D'habitude animé, le quartier est plongé dans le silence, rompu seulement par des sanglots étouffés et le crépitement des flammes de cierges.
"Nous sommes tous coupables: les parents, le gouvernement et le système d'éducation", dit Todor Dragicevic, un médecin de 28 ans. "Nous n'avons pas su régler les problèmes".
En Serbie, environ 39 personnes sur 100 possèdent une arme à feu, taux le plus élevé d'Europe pour la détention d'armes par des civils, selon le projet de recherche Small Arms Survey (SAS).
Les armes occupent une place importante dans la culture du pays, après des siècles d'occupation, de rébellion et de guerres.
Malgré cela, les fusillades sont rares et les tueries dans des écoles inexistantes dans l'histoire récente de la Serbie.
Le président serbe Aleksandar Vucic a promis de "désarmer" le pays en réduisant le nombre de permis de port d'armes et en s'attaquant au problème des armes illégales, rampant depuis les guerres des années 1990.
"Moins de fusils signifiera moins de danger pour nos enfants", a-t-il lancé.
Mais certains s'interrogent sur d'autres causes possibles des tueries.
"Il y a beaucoup plus d'agressivité dans la société", déclare à l'AFP Tamara Dzamonja Ignjatovic, présidente de l'Association de psychologues de Serbie.
- Atténuer le choc -
Les médias pro-gouvernementaux glorifient le mode de vie des criminels.

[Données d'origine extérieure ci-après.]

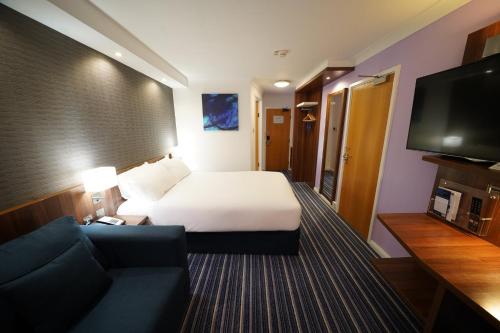 Μια τηλεόραση ή/και κέντρο ψυχαγωγίας στο Holiday Inn Express Glenrothes by IHG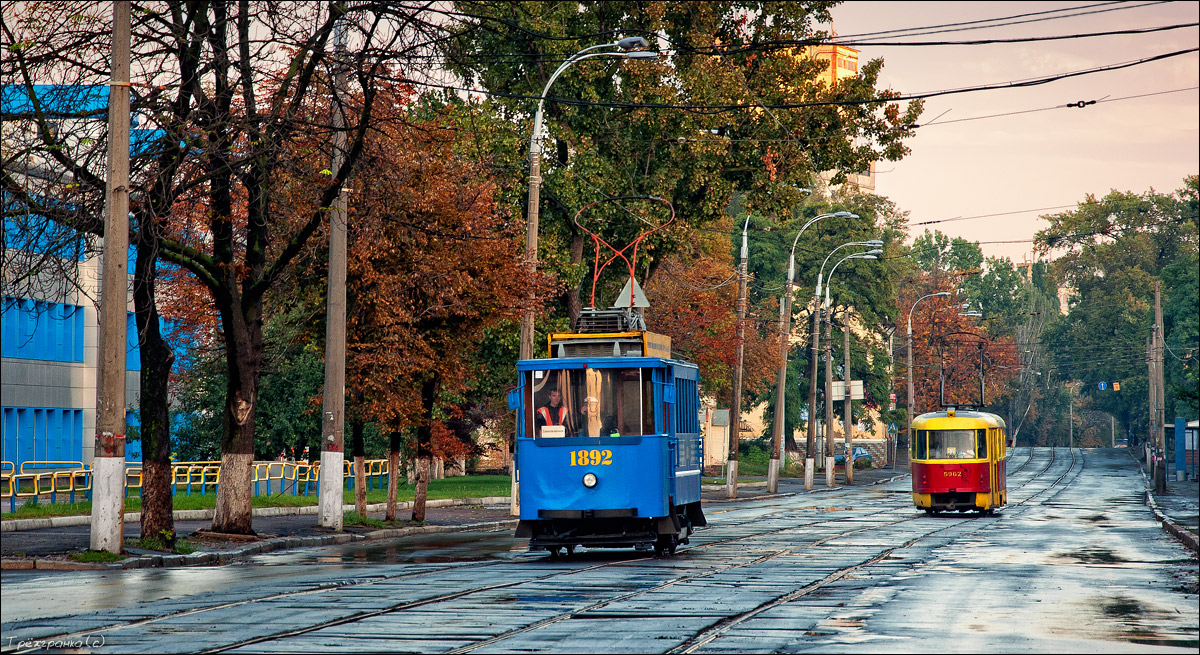 Kijev, 2-axle motor car Br. 1892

Les gangsters condamnés sont les vedettes de programmes télévisés populaires.
Le président Vucic lui-même avait montré lors d'une interview en direct en 2021 des images de corps démembrés de criminels supposés, précisant qu'il était important que les citoyens "voient à quel genre de monstres nous avons affaire".

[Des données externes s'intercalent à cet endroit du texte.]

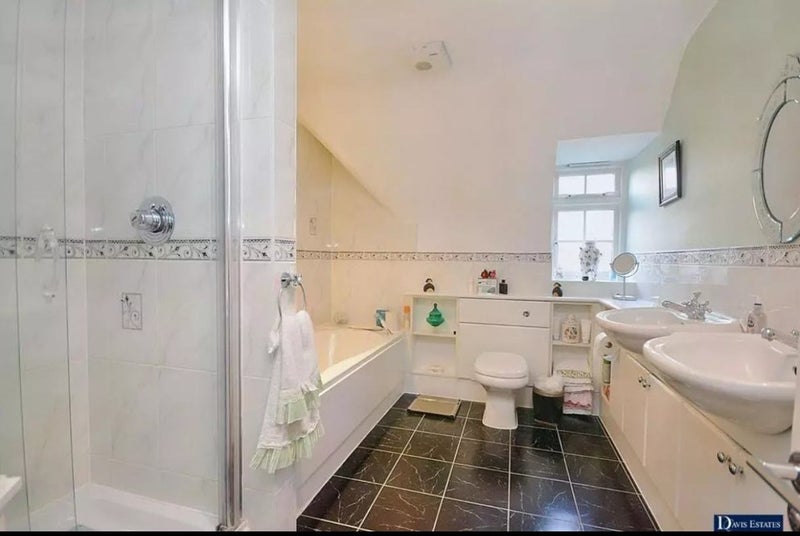 Ensuite and non ensuite rooms to let. Gidea park - student accommodation in London - img_5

"Malheureusement, le comportement scandaleux d'un être humain envers un autre est encouragé, que ce soit dans les émissions de téléréalité ou au Parlement", déplore Mme Dzamonja Ignjatovic.

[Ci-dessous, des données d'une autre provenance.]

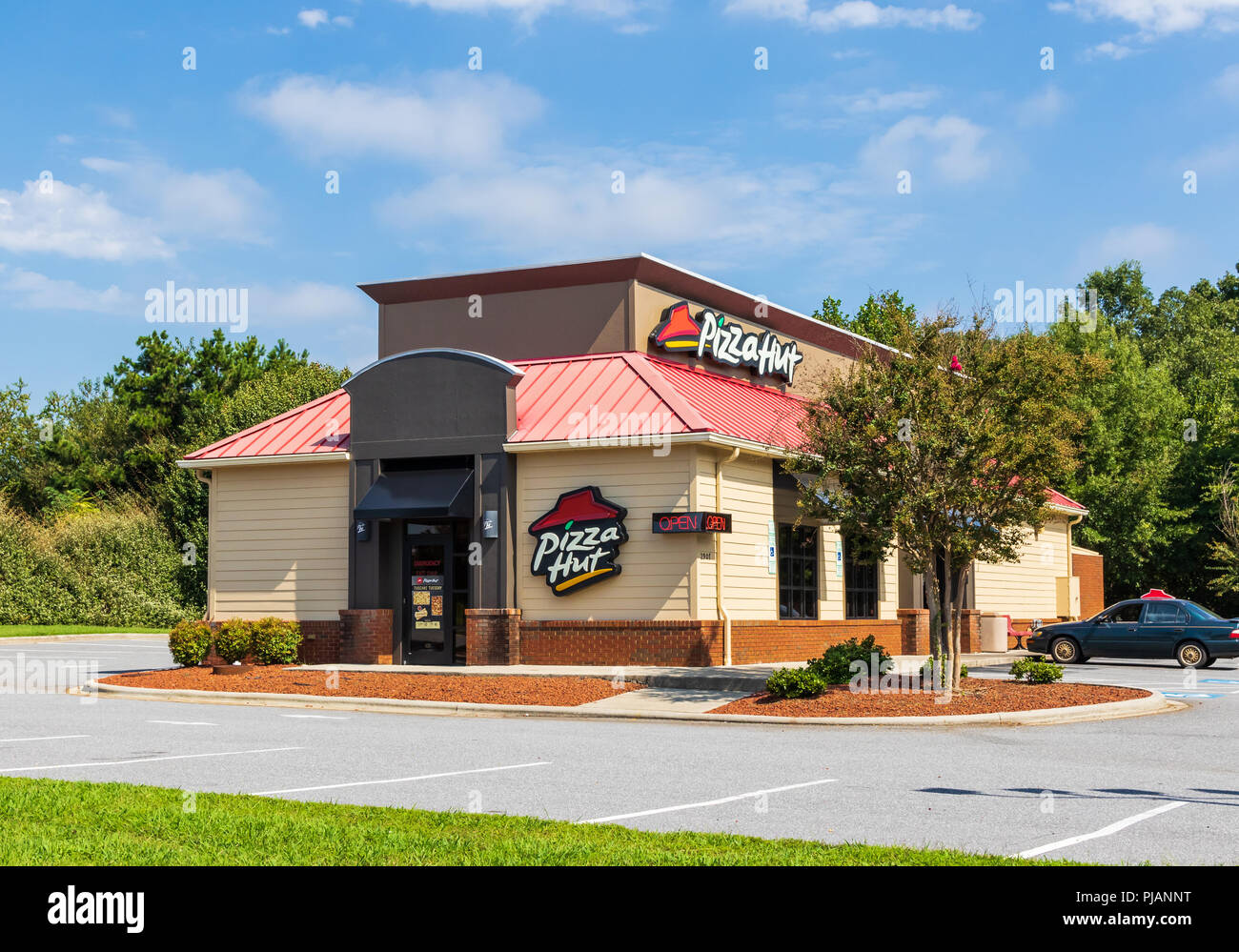 HICKORY, NC, Stati Uniti d'America-9/2/18: un Pizza Hut ristorante, una catena americana fondata nel 1958, con quasi 17.000 ristoranti in tutto il mondo. Foto Stock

Mais la tragédie a aussi montré un côté plus pacifique de la Serbie.
Dans la foulée des fusillades, les gens ont répondu aux appels à donner leur sang et des milliers de personnes sont descendues dans la rue pour rendre hommage aux victimes.
"Beaucoup de gens ont fait preuve de solidarité et d'empathie, chose la plus importante aujourd'hui (...) Nous ne pouvons pas revenir en arrière, mais nous pouvons atténuer le choc", souligne Mme Dzamonja Ignjatovic.